For her part, Joy is reluctant to tell her son, Tony, about her cancer diagnosis, never mind the prodding from Charlie, who insists it’s the right thing to do. Joy finds Charlie’s moralizing somewhat ironic, coming from a woman too cowardly to leave a recovery center and face the world.

“Charlie is stunned to learn that despite this, she has been granted release from the facility…”

But ultimately, Charlie and Joy need each other. These women are one another’s lifelines, and their care and respect for each other transcend simple camaraderie into deep and intrinsic affection.

Being Here is beautiful in this regard. There is one scene late in the film when Charlie and Joy have a heated confrontation that is one of those goosebump-inducing moments that comes along once in a while. The kind of intense moment where you can physically experience the emotions emanating from an actress onscreen. For a second, I had to remind myself that these people were actresses, so primal and perfectly realized was this scene.

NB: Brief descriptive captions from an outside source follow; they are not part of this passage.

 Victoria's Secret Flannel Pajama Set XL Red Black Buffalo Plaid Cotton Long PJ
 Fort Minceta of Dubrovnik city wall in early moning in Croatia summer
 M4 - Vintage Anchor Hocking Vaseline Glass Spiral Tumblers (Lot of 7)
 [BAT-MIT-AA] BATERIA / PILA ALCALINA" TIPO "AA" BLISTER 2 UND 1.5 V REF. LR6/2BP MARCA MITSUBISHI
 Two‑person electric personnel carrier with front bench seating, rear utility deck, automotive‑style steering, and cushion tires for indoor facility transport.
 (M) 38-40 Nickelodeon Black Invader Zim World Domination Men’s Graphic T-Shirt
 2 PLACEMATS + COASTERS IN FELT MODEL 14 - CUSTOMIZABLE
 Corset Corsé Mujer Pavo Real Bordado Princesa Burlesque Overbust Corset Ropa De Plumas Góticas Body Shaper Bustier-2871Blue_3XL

Breiner-Sanders and Silkaitis are phenomenal talents and deliver extraordinary performances. In less capable hands, Charlie’s role might have come across as whiny, and Joy’s as potentially hammy. Kudos must be given to writer-director Sydney O’Haire for conducting the performances to a perfect pitch and knowing when to require quietude and warmth and when to require raw anger and vitriol.

The story told in Being Here is so simple and elemental, that it almost seems as though the film doesn’t have much to say. But it is saying quite a lot, as it forces the viewer to peel back the layers of his or her life and recognize what is truly important. It is telling us not to be afraid to confront the dark times with strength and that the people who legitimately matter will weather the storm with us. And that is a message worth hearing again and again.

Being Here (2020)

Directed and Written: Sydney O’Haire

Starring: Mélisa Breiner-Sanders, Carin Silkaitis, Shariba Rivers, Shadana Patterson, Liz Chidester, Claron Sharrieff, Ronnie Lyall, Laura Harmon, etc.

Movie score: 9.5/10

Being Here Image

"…sometimes all we need to restore our faith in humanity is a good movie."